=== Supplied material ===
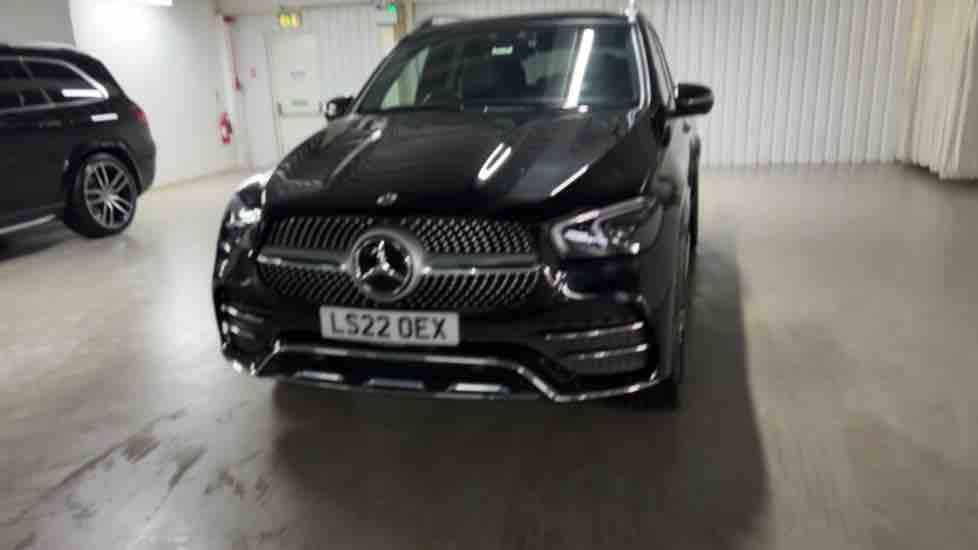 More views of Mercedes-Benz GLE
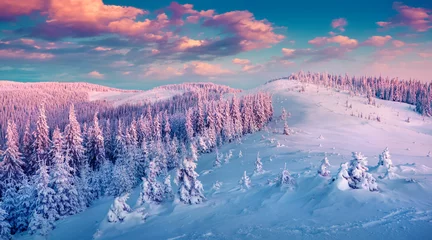 Gordijnen Colorful winter sunrise in the Carpathian mountains. © Andrew Mayovskyy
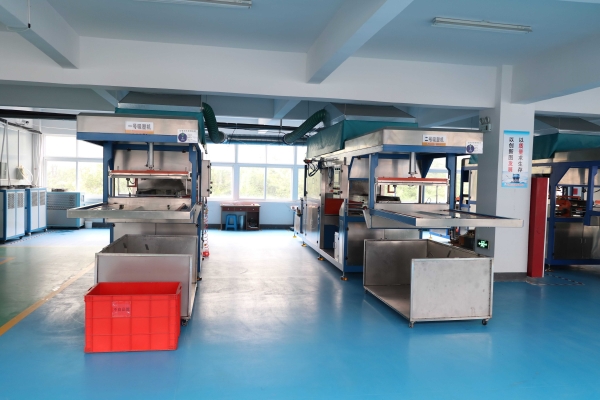 吸(xi)塑包裝生産車間(jian)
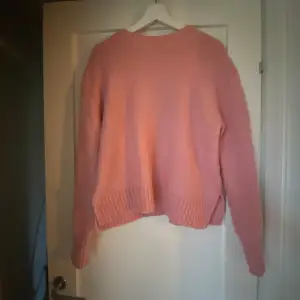 säljer denna stickade rosa tröja från hm. 💗💞💘 tröjan säljs inte längre på deras hemsida. trots att den är gammal så är den i fint skick! ☺️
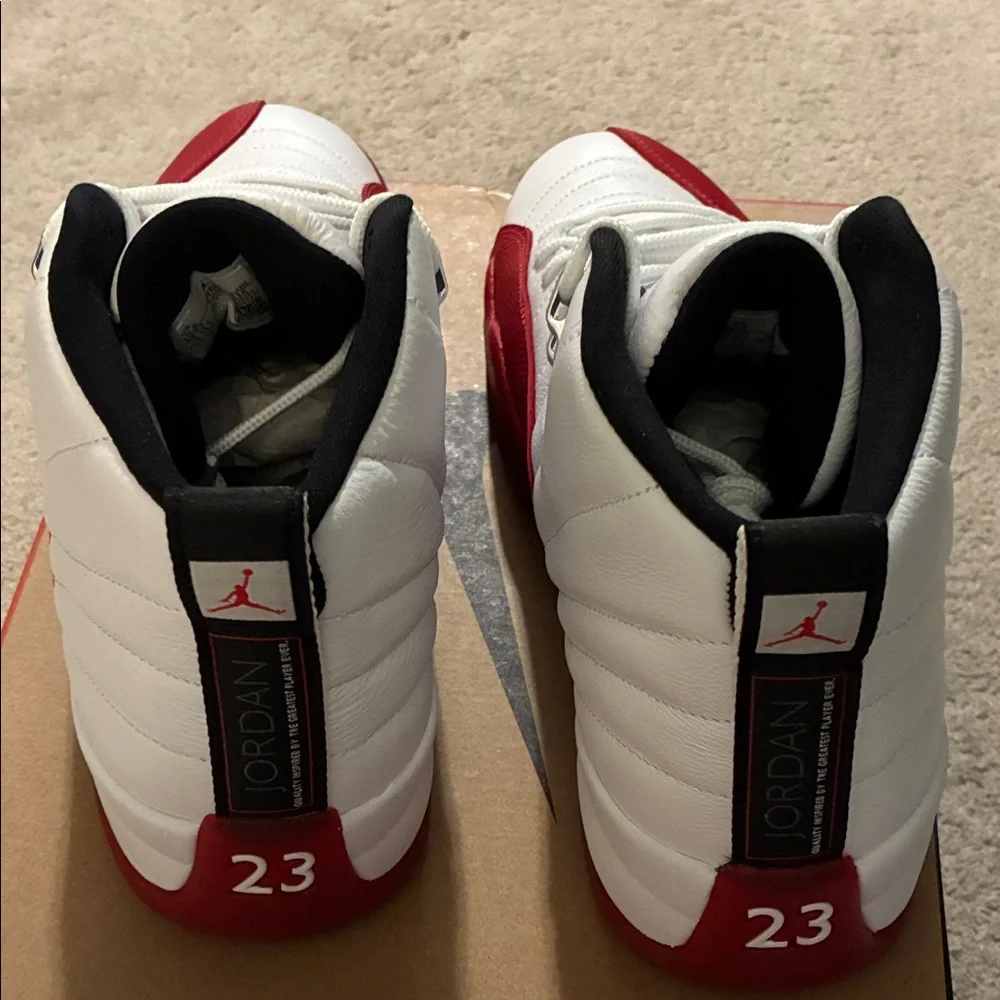 Jordan Retro 12 Cherry - Picture 3 of 5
===
▶ _Work to be completed_
An unaltered copy of the material, without images, should be set down.

▶ _Reply to the task_
 More views of Mercedes-Benz GLE
 Gordijnen Colorful winter sunrise in the Carpathian mountains. © Andrew Mayovskyy
 吸(xi)塑包裝生産車間(jian)
 säljer denna stickade rosa tröja från hm. 💗💞💘 tröjan säljs inte längre på deras hemsida. trots att den är gammal så är den i fint skick! ☺️
 Jordan Retro 12 Cherry - Picture 3 of 5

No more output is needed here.